Khap panchayat representatives are peeved that their judgments are being likened to those of the Taliban and they are being held responsible for the recent spurt in “honour killings” instigated by societal norms against same-caste marriages.
At a discussion here on Wednesday, a collective of khap panchayat representatives tried hard to dispel the negative public perception about their work and explained their relevance as a “de-centralised” form of democracy that best suits the ordinary man.
They were vehement that the dictat of “honour killing” had nothing to with khap panchayats. “No khap panchayats have ever ordered death for people for solemnising a same-gotra wedding. If there have been killings, those have been carried out by the families on their own. Those families could not bear the shame that their children inflicted on the family name,” said Master Rampal Dahiya, head of the Dahiya Khap.

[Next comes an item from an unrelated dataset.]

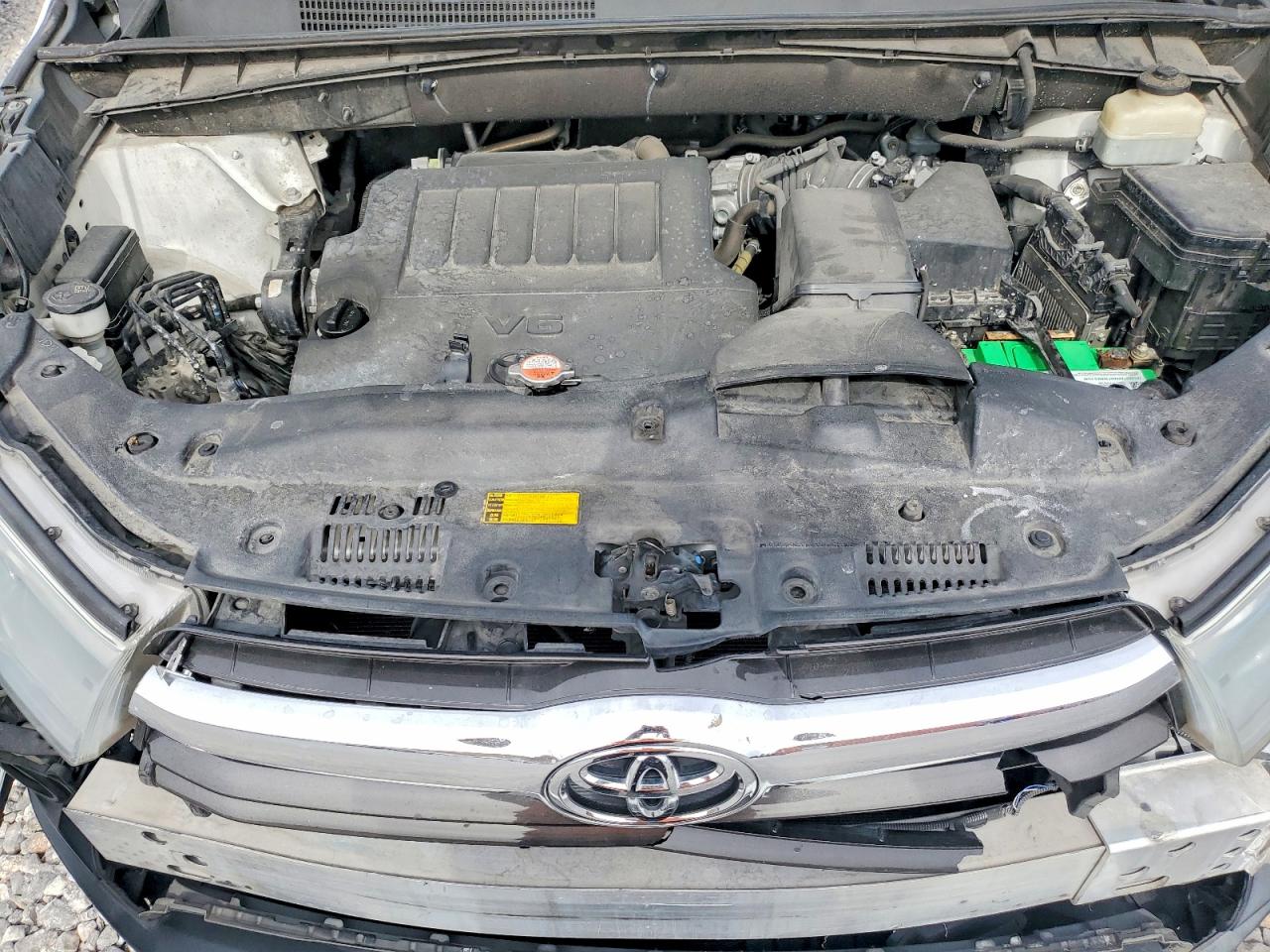 2016 TOYOTA HIGHLANDER photo 11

Citing instances, he said: “In one case the couple (same-gotra wedding) were ordered to stay out of the village and since the father of one of them was seen as an accomplice in the forbidden match, he too was ordered to stay away for a couple of months. But the khaps do not prescribe death.”
Blaming the lack of knowledge and the incorrect inference about the working of the khap system, the representatives said the system is similar to the administrative and judicial system prevalent in the country.
“It is a parallel government, based on principles of truth, justice and fair play. There is no attention focused on the good work that the panchayats do,” said Chaudhary Ranjit Singh, secretary of the Dalal Khap.
Hawa Singh Sangwan, another khap representative, said: “Five or ten people coming together does not make a khap, nor does the khap assemble on its own. A khap has to be invited, they are like lawyers who deal with civil, criminal, judicial and social norms.”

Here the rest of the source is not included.